■ **TASK OBJECTIVE**
Would you please copy only the lines from the line that contains "スリムプロテクションケース［ 宝塚歌劇 - 宝塚歌劇団 - 海玖里 粋 ］" to the end of the data below, exactly, leaving every picture out?

■ **INPUT FOR THIS TASK**
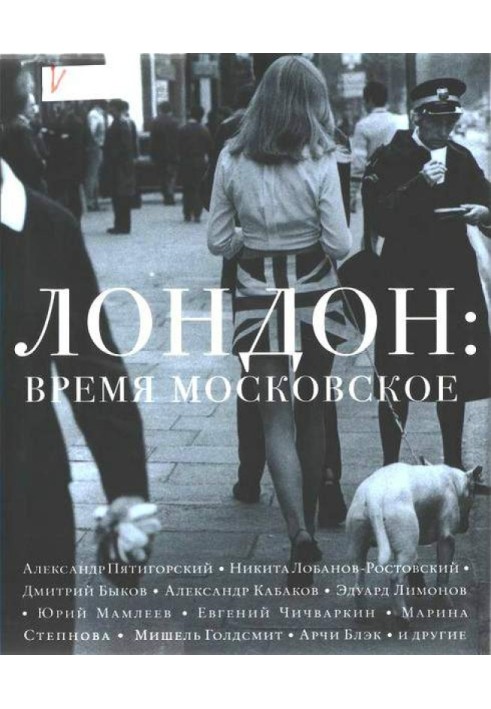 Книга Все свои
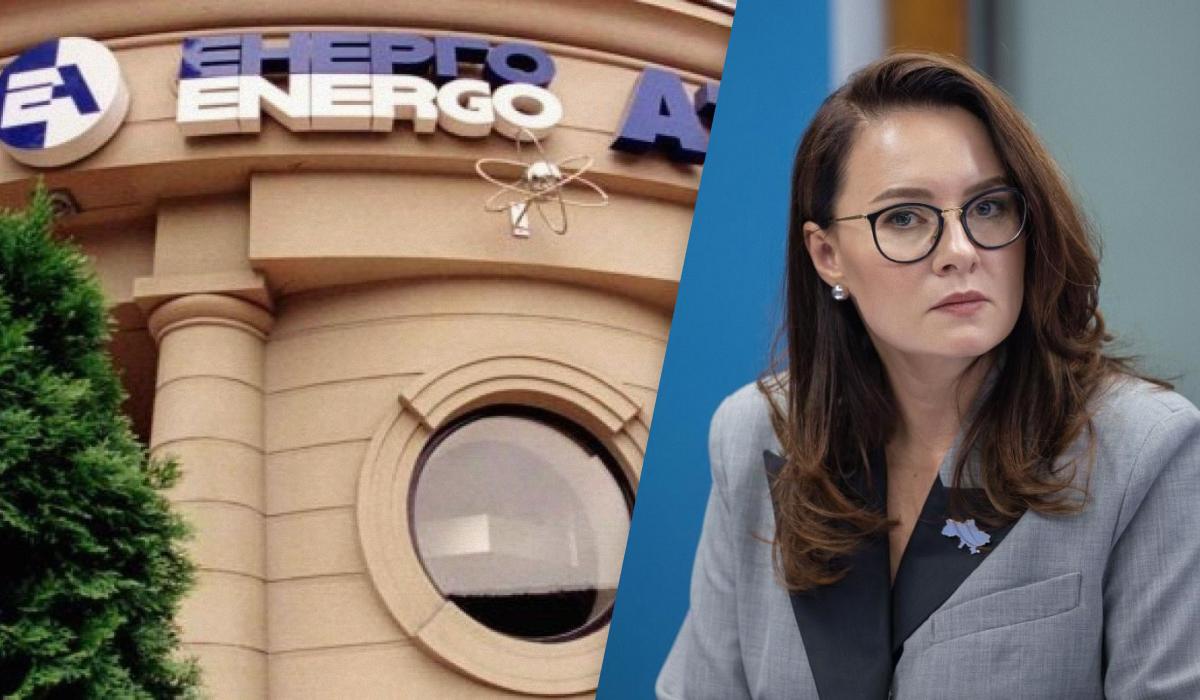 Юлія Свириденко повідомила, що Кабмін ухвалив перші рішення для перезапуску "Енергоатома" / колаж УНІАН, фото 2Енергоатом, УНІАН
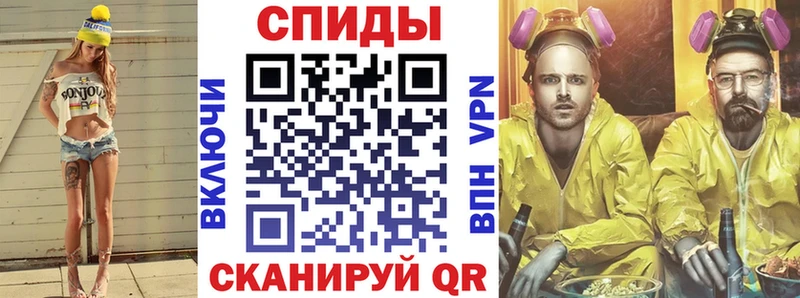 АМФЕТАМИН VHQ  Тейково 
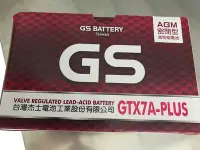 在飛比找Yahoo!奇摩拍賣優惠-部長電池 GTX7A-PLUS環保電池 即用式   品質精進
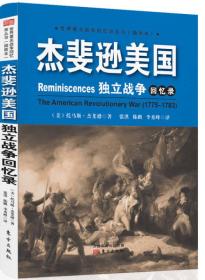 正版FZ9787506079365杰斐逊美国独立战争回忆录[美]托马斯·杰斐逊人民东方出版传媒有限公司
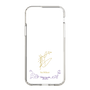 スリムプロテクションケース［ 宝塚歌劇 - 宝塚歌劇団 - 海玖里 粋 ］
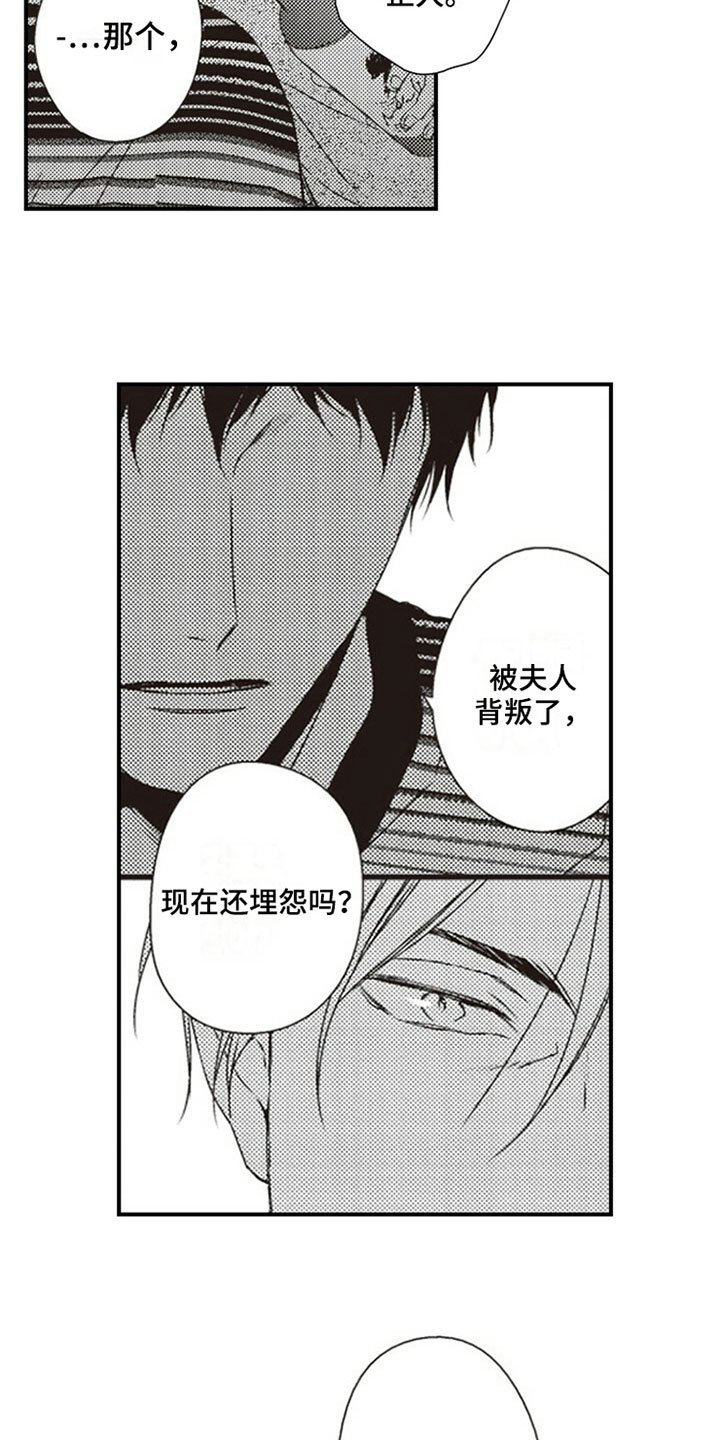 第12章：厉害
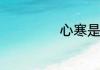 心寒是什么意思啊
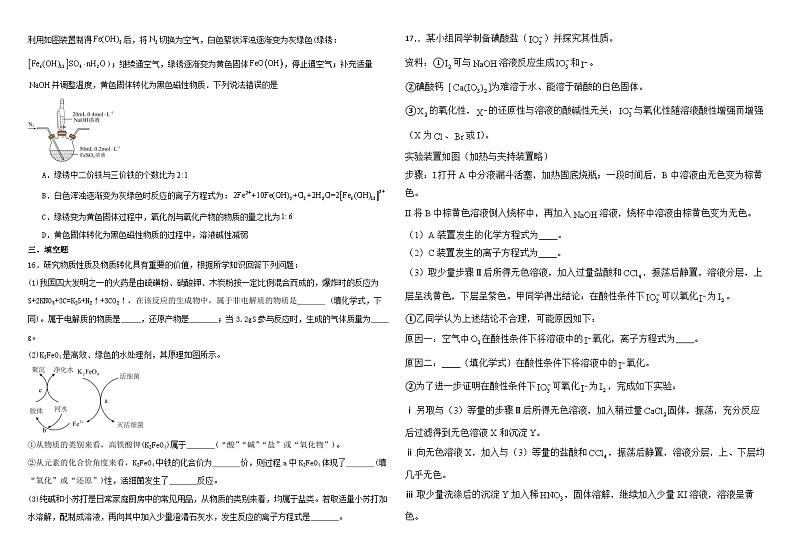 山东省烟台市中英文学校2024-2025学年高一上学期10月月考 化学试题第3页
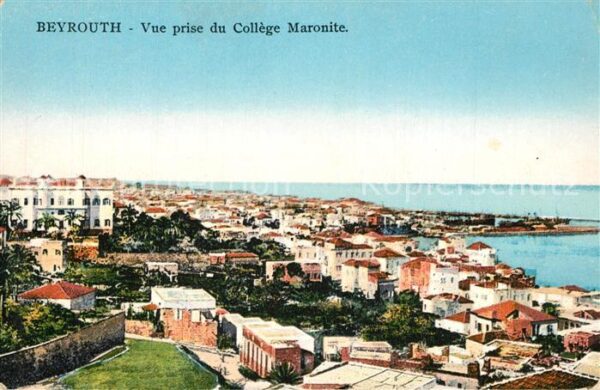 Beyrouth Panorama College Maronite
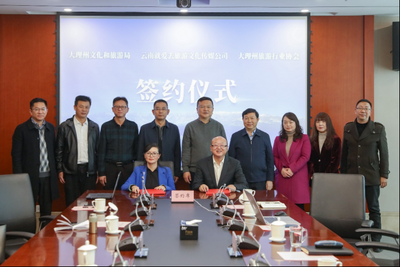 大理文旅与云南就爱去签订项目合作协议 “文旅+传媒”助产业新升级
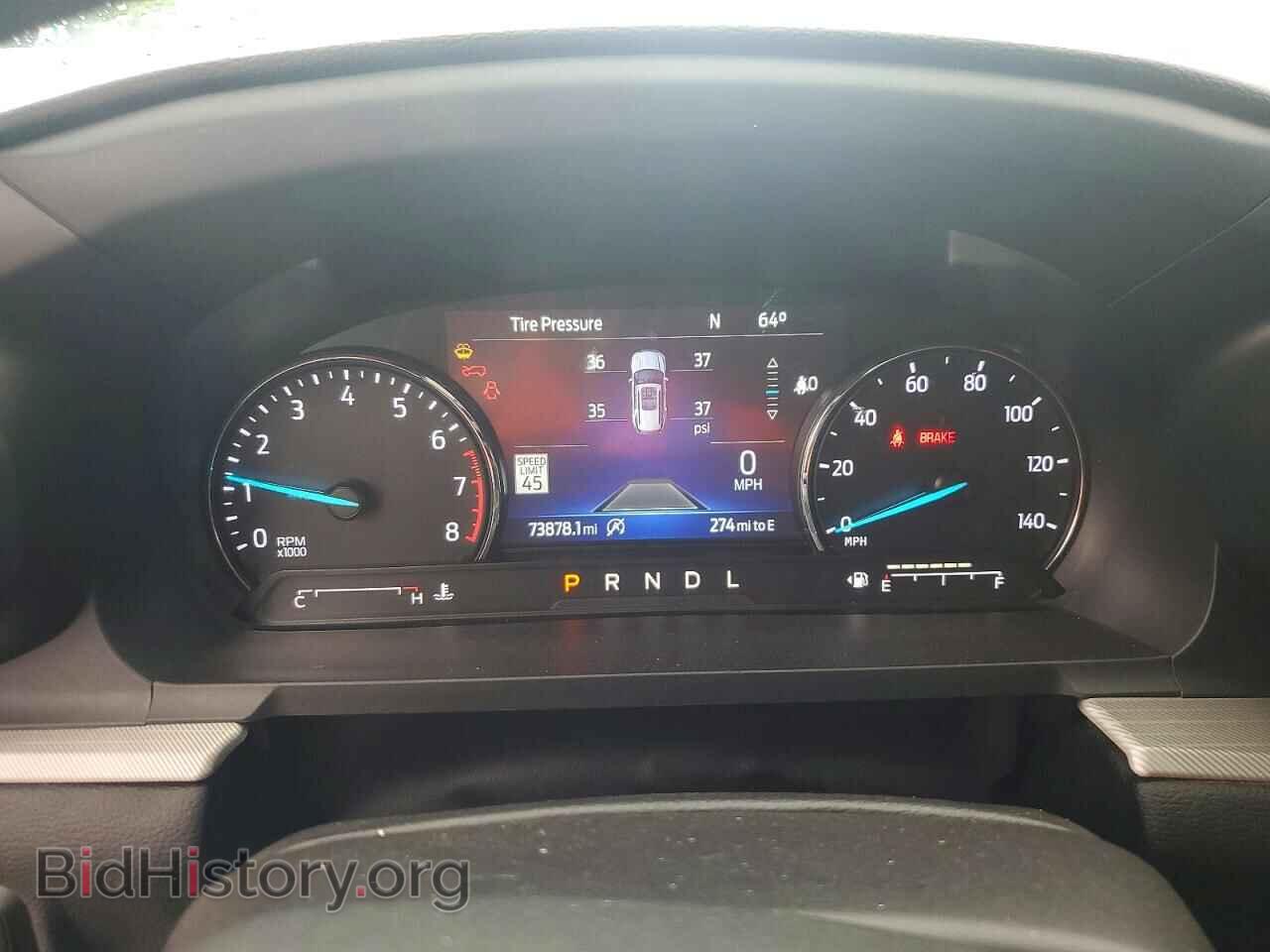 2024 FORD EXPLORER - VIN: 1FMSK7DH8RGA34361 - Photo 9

■ **RESPONSE AREA**
 スリムプロテクションケース［ 宝塚歌劇 - 宝塚歌劇団 - 海玖里 粋 ］
 第12章：厉害
 心寒是什么意思啊
 山东省烟台市中英文学校2024-2025学年高一上学期10月月考 化学试题第3页
 Beyrouth Panorama College Maronite
 大理文旅与云南就爱去签订项目合作协议 “文旅+传媒”助产业新升级
 2024 FORD EXPLORER - VIN: 1FMSK7DH8RGA34361 - Photo 9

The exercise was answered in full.